しかし、最近は大人顔負けの少年による残虐な犯罪が増えてきている。18歳選挙権と合わせて少年法の適用年齢を引き下げるべきという議論は当然起こってくると考えられる。

20歳の青年が万引きで実名報道される一方で19歳の凶悪犯罪犯が自動的に匿名になる。この論理矛盾を説明できるだけの合理的な理由は見当たらないと思われる。

それでも、僕は少年の実名報道には反対である。

少年法は犯罪への罰則という事より更生させるという側面がある。

 

1988年東京都足立区綾瀬で起きた女子高生コンクリート詰め殺人事件。

4人の少年による実行犯が女子高生を猥褻誘拐し長期間監禁、そして強姦、暴行を繰り返した。

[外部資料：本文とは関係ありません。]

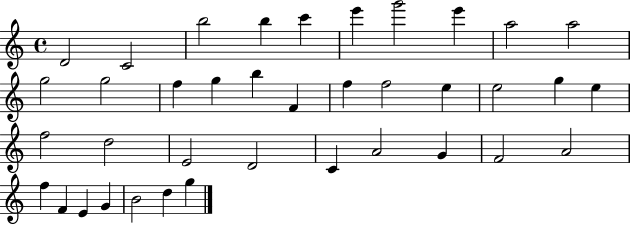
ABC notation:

X:1
T:Untitled
M:4/4
L:1/4
K:C
D2 C2 b2 b c' e' g'2 e' a2 a2 g2 g2 f g b F f f2 e e2 g e f2 d2 E2 D2 C A2 G F2 A2 f F E G B2 d g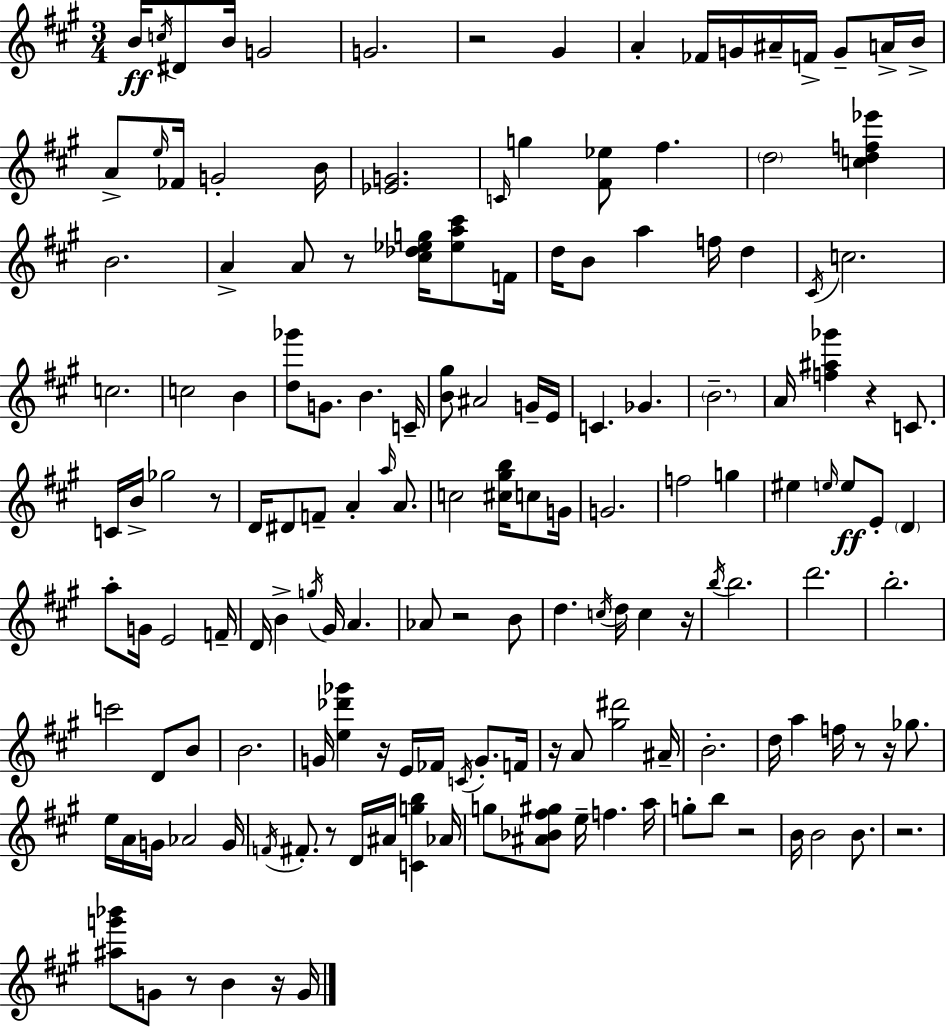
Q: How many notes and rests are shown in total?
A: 156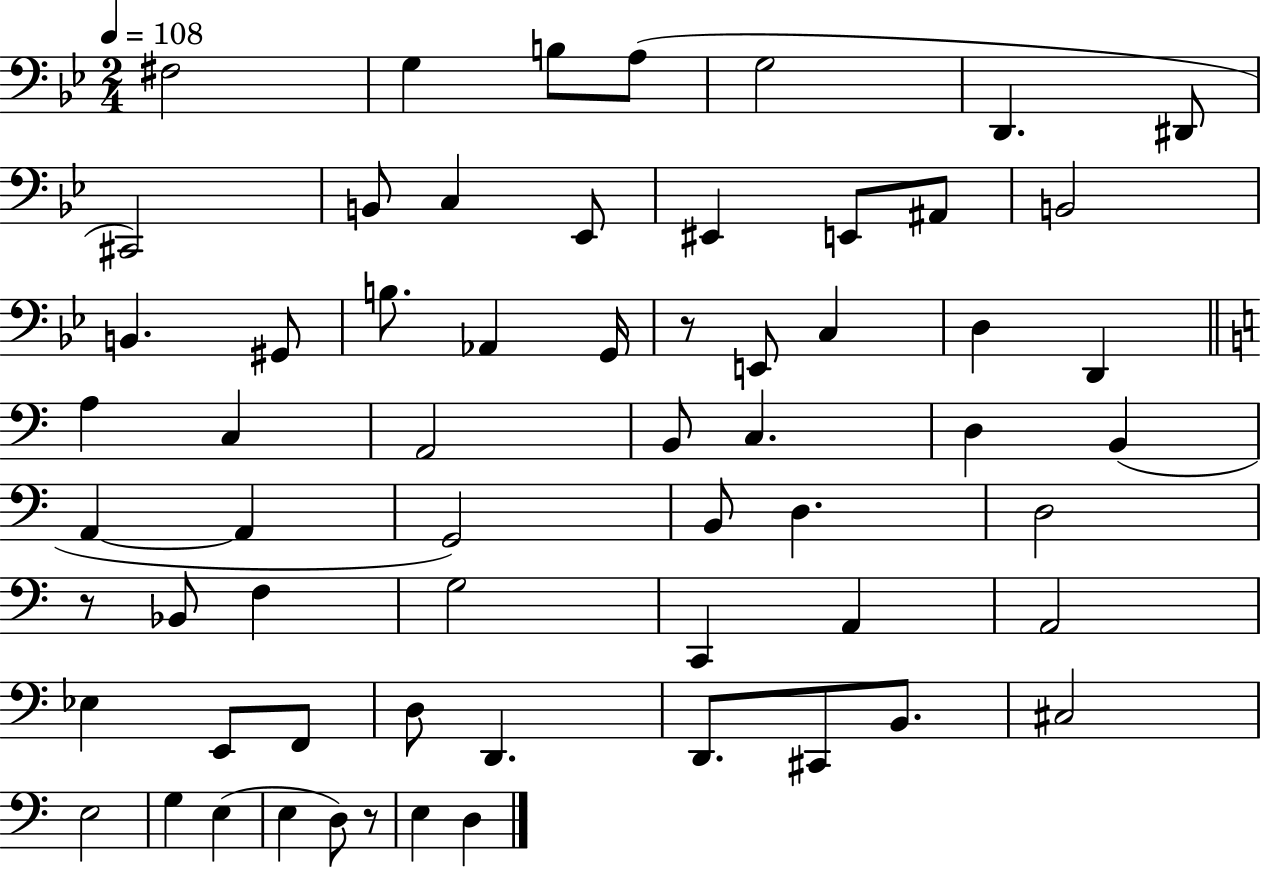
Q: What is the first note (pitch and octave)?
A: F#3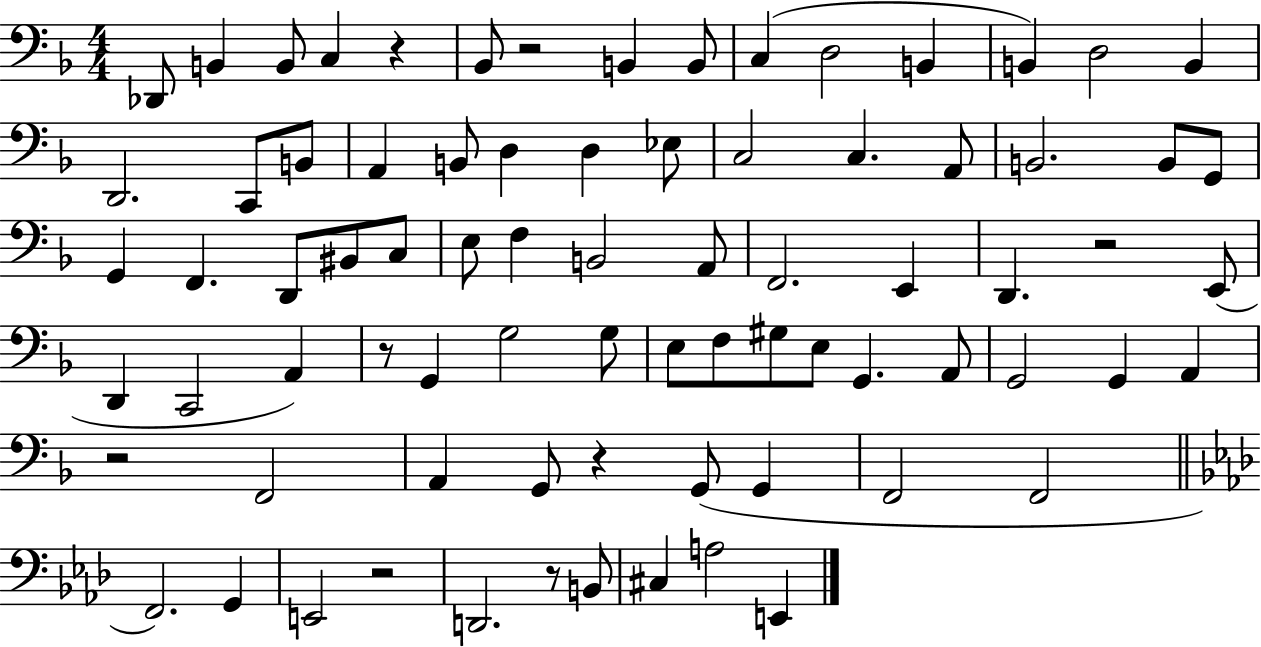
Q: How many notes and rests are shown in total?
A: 78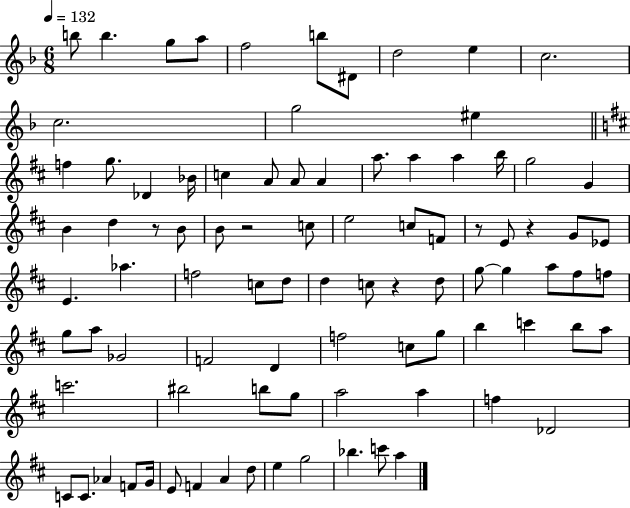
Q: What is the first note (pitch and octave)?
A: B5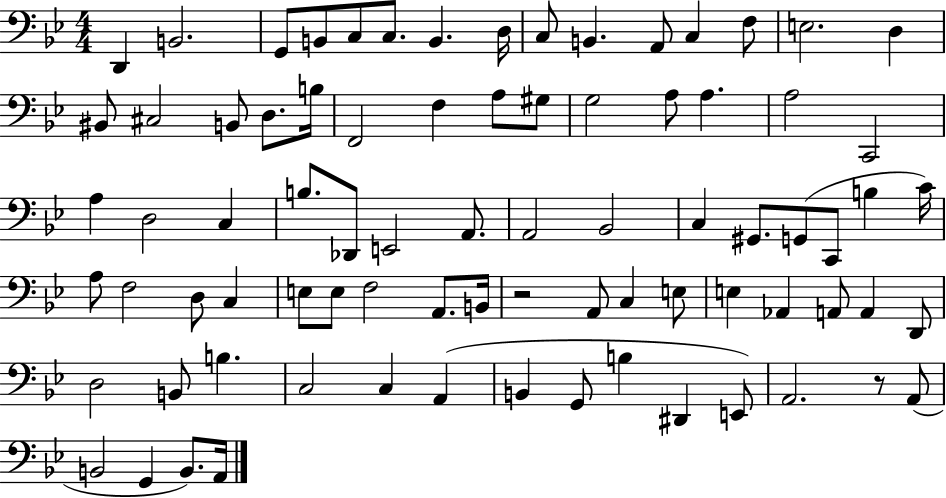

その期間は2か月にも及ぶ。その後殺害しドラム缶に遺体を入れてコンクリート詰めにして遺棄した残虐な事件である。

4人の少年の犯行は極めて悪質である。そして、監禁は実行犯の一人の自宅で行われており、周囲の大人がなぜ救えなかったのかということも衝撃的だった。

この事件で主犯格の少年は20年の実刑判決を受け服役した。

その後、出所した当時の主犯格の少年のことがテレビで放映されていた。

顔もモザイクがかけられ、声も変え、もちろん匿名である。彼が住む場所なども特定できないように構成してあったが、何と彼は結婚して子供をもち、幸せそうな家庭を築いていたのだ。結婚相手には事件のことを打ち明けたという。

奥さんへのインタビューが印象的だった。

事件のことを打ち明けられ、ずいぶん悩んだが彼との結婚を選んだという。

奥さんと子供にとってはかけがえのない夫や父となっているのだ。

更生したと考えるべきである。

それでも遺族は彼を許すことはできないだろうと思う。

凶悪犯はたとえ刑期を終えても幸せになる権利などないという考えもあるだろう。

だが、人から更生する機会を奪うことはできないはずである。少年であればなおのこと、実名報道によってその機会が奪われる可能性がある以上、するべきではないと考える。

実名報道を伏せたところで、ネットで拡散してしまうので規制は意味がないかもしれないが、だからといってなし崩し的に容認するのは違うと思う。